This morning, the U.S. Navy will commission its newest attack submarine USS North Dakota at Submarine Base New London in Groton, Connecticut. The “man our ship and bring her to life!” command will be given by Katie Fowler, the ship’s sponsor. Katie Fowler is the wife of retired Vice Admiral Jeff Fowler.
Designated SSN 784, the Navy’s newest attack submarine is the second ship named in honor of North Dakota and is the 11th Virginia-class submarine. While civilians typically refer to a water-craft vessel of more than 35 feet as a ship, this Examiner was informed by a submariner that sailors refer to subs as boats, no matter what her size.
Built by Electric Boat, a division of General Dynamics, her keel was laid in May of 2012. The latest North Dakota was delivered August 29, 2014. The original commissioning date of May 2014 was postponed due to quality issues and additional design work on the submarine’s bow. This design of attack submarines provides the Navy with underwater stealth and surveillance capabilities as well as special warfare “enhancements.”

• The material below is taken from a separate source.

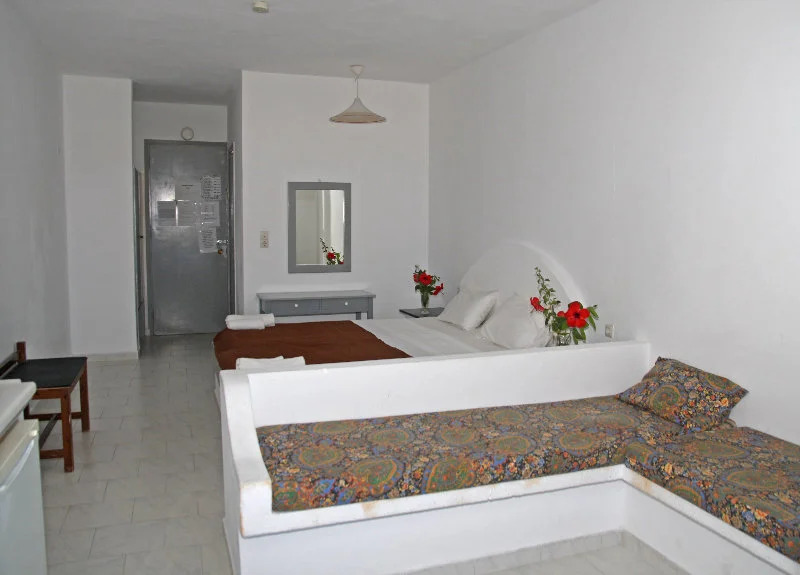 Kardamos Hotel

The official release from the Navy:
North Dakota has the capability to attack targets ashore with highly accurate Tomahawk cruise missiles and conduct covert long-term surveillance of land areas, littoral waters or other sea-based forces. Other missions include anti-submarine and anti-ship warfare; special forces delivery and support; and mine delivery and minefield mapping.
Virginia-class submarines are 7,800 tons and 377 feet in length, have a beam of 34 feet, and can operate at more than 25 knots submerged. The reactor plant will not require refueling during the planned life of the ship reducing lifecycle costs while increasing underway time.
Powered by an S9G nuclear reactor, North Dakota has an essentially unlimited distance range and a life expectancy of more than 30 years. A full complement of sailors would be considered 134. Absolute maximum speed would be confidential. Two large-diameter “Virginia Payload Tubes” on the bow are each capable of launching six Tomahawk cruise missiles.